Toni Erdmann
German Film Week 2017

Toni Erdmann © Komplizen Film

Cannes 2016 – official selection competition; OSCARS 2017, GOLDEN GLOBES 2017: nominated as best non-English speaking film; Best European Film 2016.

„… a work of great beauty, great feeling and great cinema.“ 
The New York Times

Winfried doesn't see much of his working daughter Ines. The suddenly student-less music teacher decides to surprise her with a visit after the death of his old dog. It's an awkward move because serious career woman Ines is working on an important project as a corporate strategist in Bucharest. The geographical change doesn't help the two to see eye to eye any better. Practical joker Winfried loves to annoy his daughter with corny pranks. What's worse are his little jabs at her routine lifestyle of long meetings, hotel bars and performance reports.
Father and daughter reach an impasse, and Winfried agrees to return home to Germany. Enter dazzling “Toni Erdmann”: Winfried's smooth-talking alter ego. Disguised in a tacky suit, weird wig and even weirder fake teeth, Toni barges into Ines' professional life, claiming to be her CEO's life coach. Wilder and bolder than Winfried, Toni doesn't hold back, and Ines meets the challenge. The harder they push, the closer they become. In all the madness, Ines begins to understand that her eccentric father might deserve some place in her life after all.

Source: German Films Service & Marketing GmbH

FILM REVIEWS:

Richard Bolisay

The surprise of Toni Erdmann is not just its comedy – those laugh-out-loud moments that display its genius, those scenes that build up to an emotional peak and reveal an aspect of its remarkable character study – but also the realization that this comedy, when seen as a whole, is in fact a tragedy, as most good comedies are, one whose effect is devastating in its being larger than life. In a stretch of close to three hours, it depicts a father (Peter Simonischek), a retired music teacher, and his daughter (Sandra Hüller), a workaholic business consultant, as they try to deal with their being together in a foreign country, in Romania, where she works on an outsourcing project in the oil industry.
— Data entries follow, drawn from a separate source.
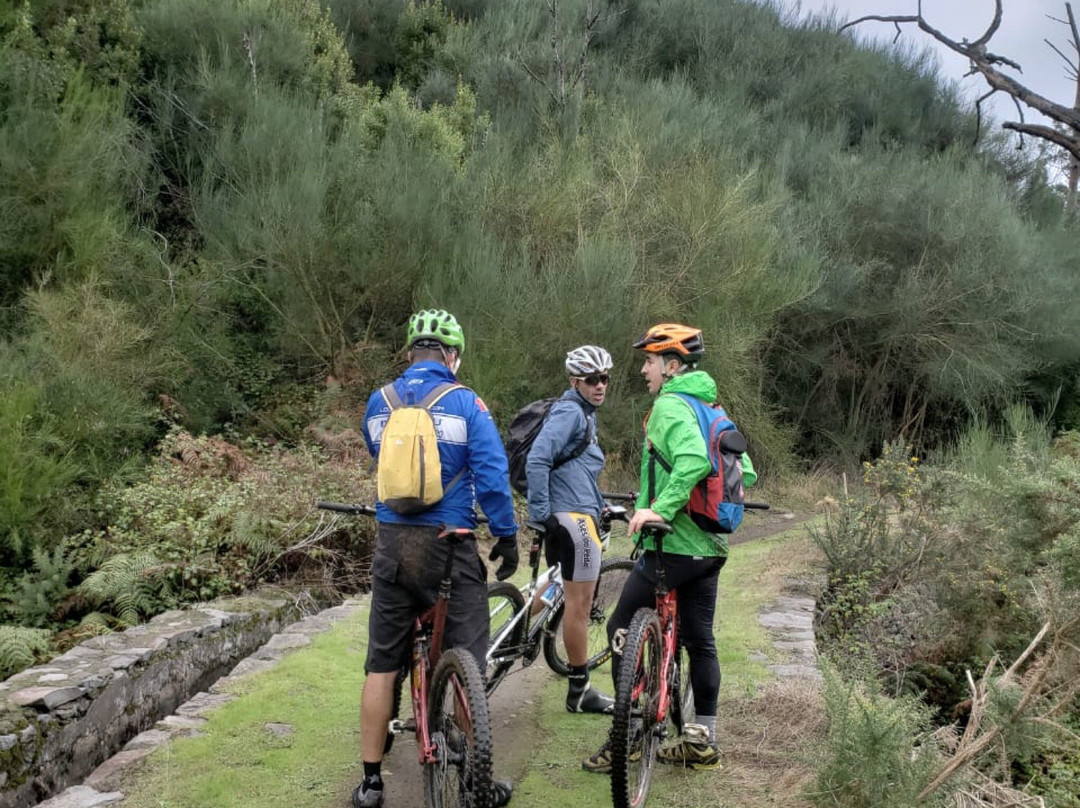 Logistica Aventura-巴西利亚必去景点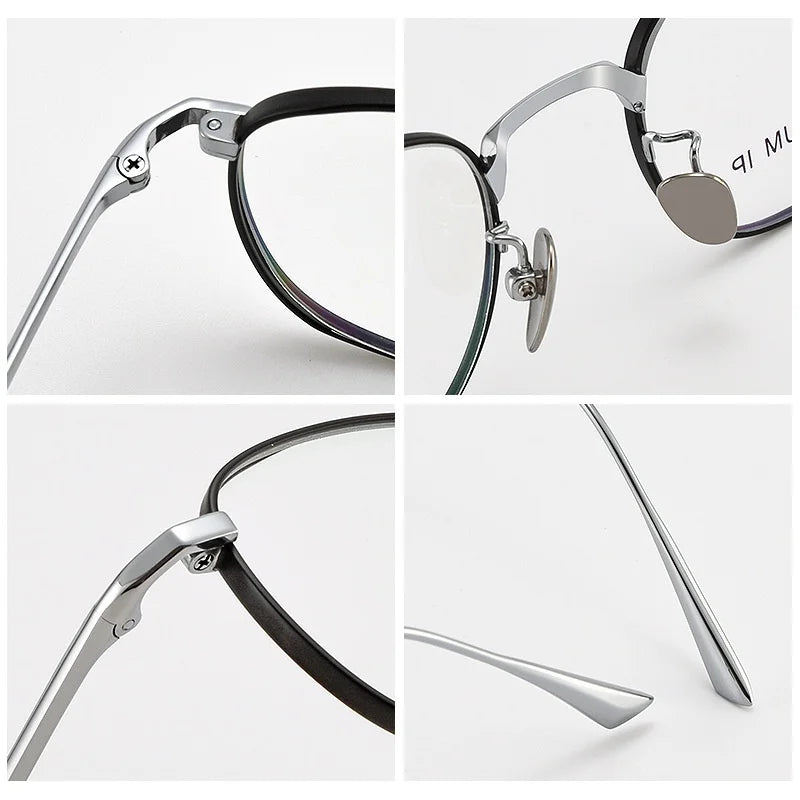https://ae01.alicdn.com/kf/S9853c6f3b25e4347af575656ce68d665A/KatKani-New-Retro-Round-Pure-Titanium-Men-s-Eyeglass-Frame-Ultra-lLight-Optical-Prescription-Eyeglass-Frame.jpg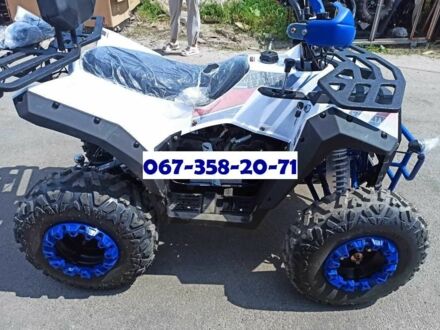 Hsun 3302 2023 в Киеве на Automoto.ua Hsun 3302, объемом двигателя 2.3 л и пробегом 0 тыс. км за 2200 $, фото 1 на Automoto.ua
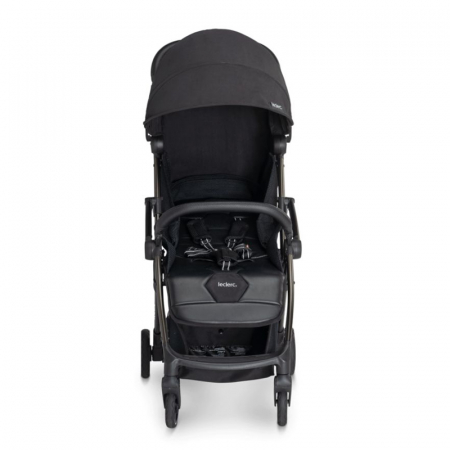 Carucior Leclerc Hexagon Carbon Black [2]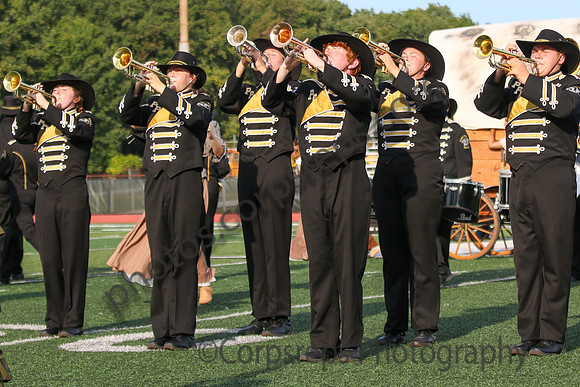 Point Pleasant_260912_Raritan-JSB00478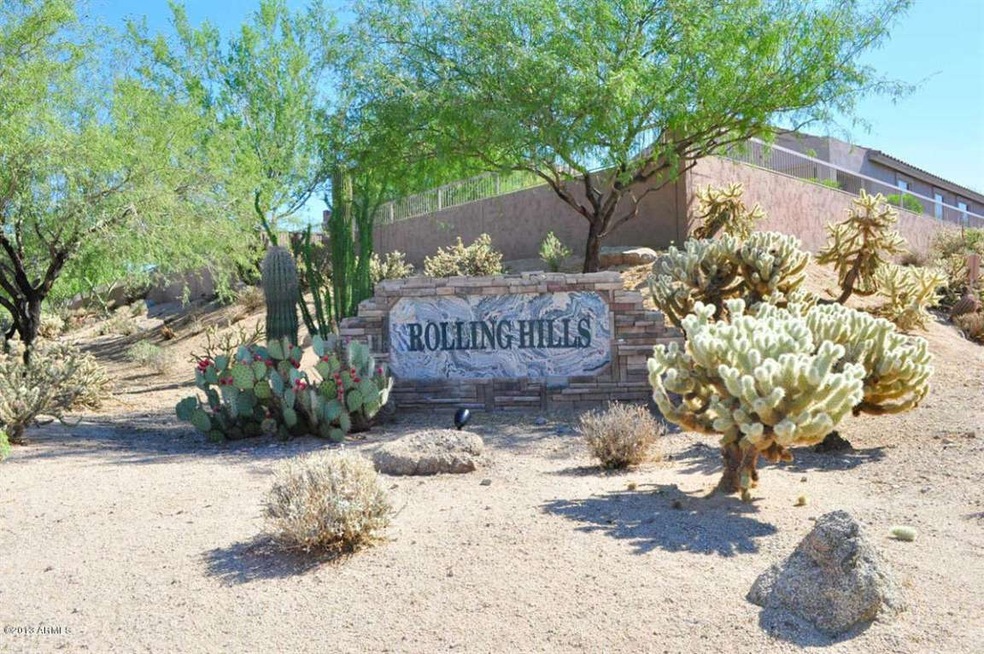 Community Sign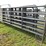 (4)-16'-tarter-pipe-gates-image-1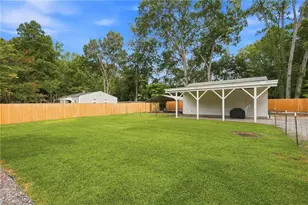 3920 Daye Dr, Greensboro, NC 27407 - Photo 26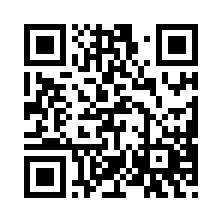 QR Code for 12txptTJHpu1YmNMiDL8RbsbRTvSPcVShj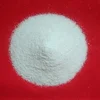 /product-detail/factory-outlet-feso4-7h2o-ferrous-sulphate-heptahydrate-powder-price-60304850269.html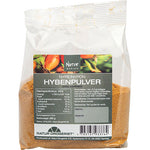 Natur-Drogeriet Fint Nyponpulver Med Kärnor | 200 g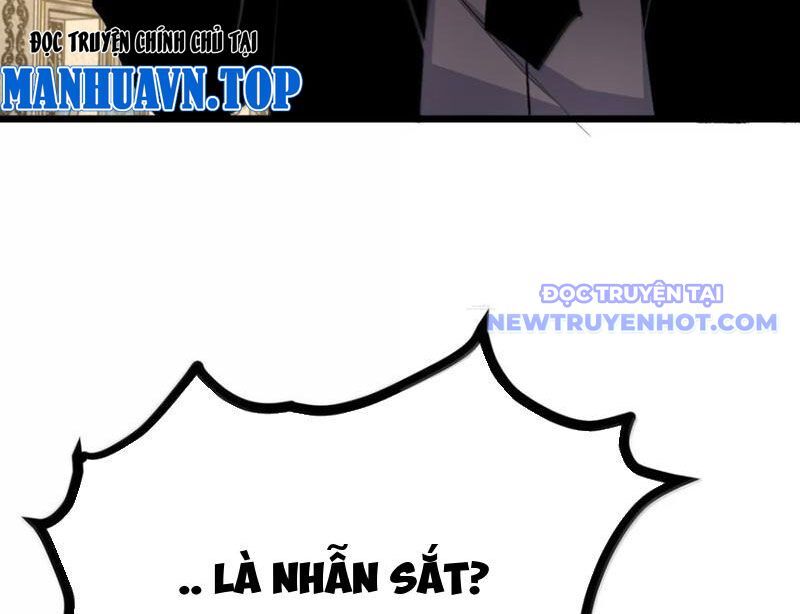 Ta Dựa Vào Nhặt Rác Trở Thành Vương Giả: Chapter 47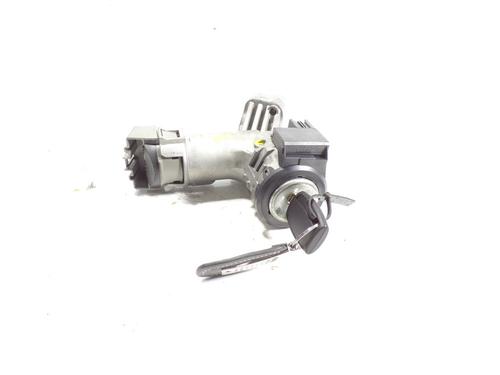 Used Electronic module Electronic module FORD TRANSIT COURIER B460 Box Body/MPV [2014-2026] 14285124 14285124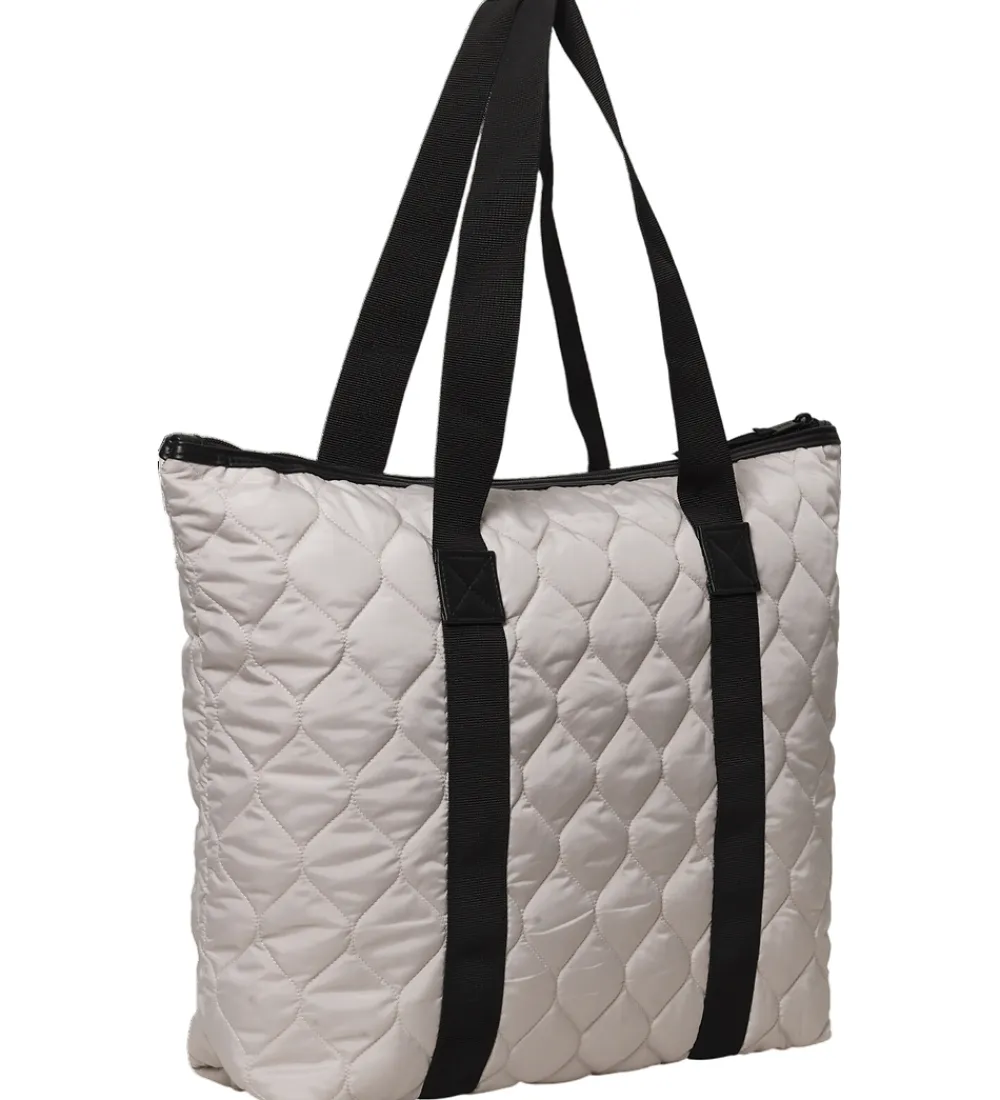 Shoppers-DAY ET Shopper - Gweneth RE-Q Dash Bag M - Chateau Gray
It's difficult to guess where it's going, and midway through one just gives up wanting to know and is rewarded by the sheer force of its comic simplicity, by the wisdom it imparts in examining a father-daughter relationship then turning it inside out, shaking it, and letting the pieces fall. It hardly feels tedious because of the precision of action, of the way it seems to flow freely and indifferently – showing how much they have grown apart and how they can't be together without finding themselves in a fucked-up situation – and then the film makes strange, vivid turns that only pull them closer to each other. Those "big" moments in the second act – the appearance of the Toni Erdmann persona with his fake teeth and funny wig, the singing of "The Greatest Love of All" to a bunch of strangers, the naked party and how it leads to quite possibly the most moving embrace in cinema in recent history – hardly feel inserted for emphasis. The film's small moments are as striking as the big ones, and one can only marvel at the brilliance of its narrative design. There is so much to see and feel in Toni Erdmann, and it won't be weird to find oneself crying over the seeming plainness of it.

Philbert Dy

Words fail to describe the magic of Toni Erdmann. The synopsis, such as it is, involves an inveterate prankster (Peter Simonischek) taking on a really strange alter ego while visiting his workaholic daughter (Sandra Hüller). In a ridiculous wig and fake teeth, our prankster hero barrels through the life of his daughter, generally being a nuisance but somehow managing to impart some sort of valuable lesson. Thousands of words could be written about what this film is about, but it will never really come close to being accurate. It is nearly three hours long, and it spends its time exploring gender politics and modern relationships and cultural attitudes and the current economic climate. It is strange and often quite alien, but it is also one of the most touching, emotional films that one will ever see.
 
In a way, the film is just the perfect depiction of the relationship between father and child, each side taken to a comedic extreme. The titular Toni Erdmann is the living manifestation of the dad joke: slightly embarrassing and weirdly endearing at the same time. His daughter Ines perfectly represents the generational pressure to succeed at a certain age. Both characters are deeply flawed in ways that are painfully relatable, regardless of one’s age or place in life. This relationship just feels so lived-in: one gets the sense that Ines has been dealing with this kind of thing her whole life, and has built a life around being away from all of it. But her dad shows and insists on somehow being part of her life, and she hates it and appreciates it all at the same. It’s sad and beautiful and altogether brilliant.
 
It would not be hyperbole to call Toni Erdmann a masterpiece. Its dry, deadpan sense of humor meticulously examines the way we live now, crossing borders and breaking boundaries as it studies the specifics of this one particular relationship and the circumstances surrounding it. The world is becoming increasingly globalized and attitudes over various issues are shifting and everything just seem to be getting increasingly complex. But at its heart, there are parents and children, and bonds were not chosen but are there all the same.